Having a snack when you get home, if you're in any sort of order to, can also help.
"Rehydration treatments before you go to bed and when you wake up are particularly useful for giving your body back not just the H2O it needs but also the electrolytes that contribute to dehydration," says Dr Henderson.
Our tried and tested method is one sachet of Dioralyte (two if you can stay awake long enough and/or consume that much liquid before bed) in water when you get in from a night out and one in the morning. The results are life changing.

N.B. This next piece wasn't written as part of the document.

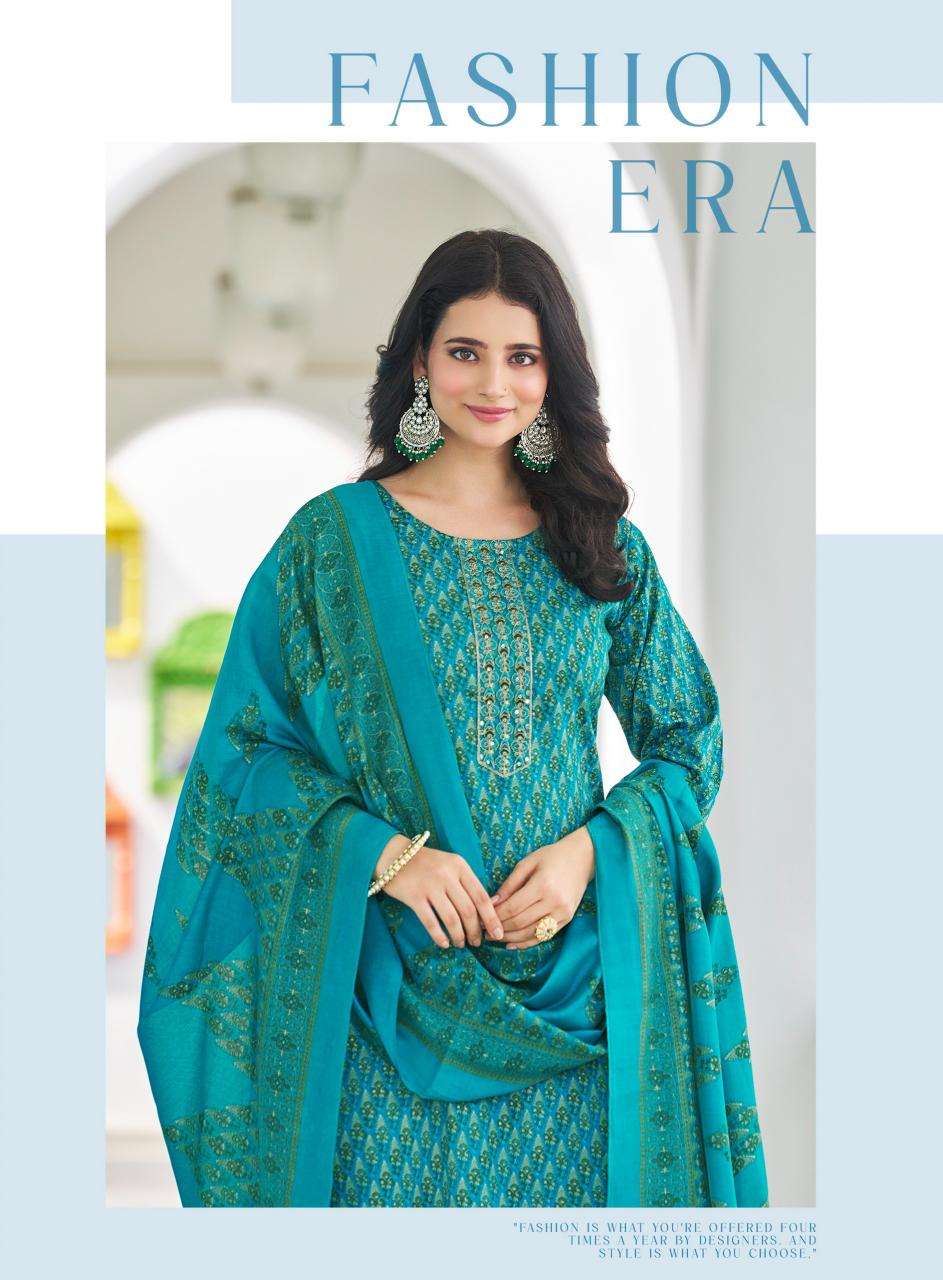 Radhika lifestyle parker vol 1 Kurti exporters in India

"The best breakfast to tackle a hangover is a slice of wholegrain toast, for the slow release energy, covered with honey to raise your blood sugar (which dips overnight) and make you feel less shaky, and a glass of orange juice for the vitamins. But don't expect it to cure you, nothing can do that."
5. Eat throughout the day
The NHS recommends a vegetable broth to replenish your nutrients, electrolytes and water. It's kind on the stomach but try eating little and often if you're feeling sick. An antacid might also help settle upset tums.
And when you've made it to the end of the day, hair of the dog is most definitely not the answer. Go home, get some sleep and let your body tissues replenish for ideally 48 hours before drinking again.
Failing that, tell yourself that January will be a new start and hang on in there. For all our good intentions, that's what most of us will be doing no doubt.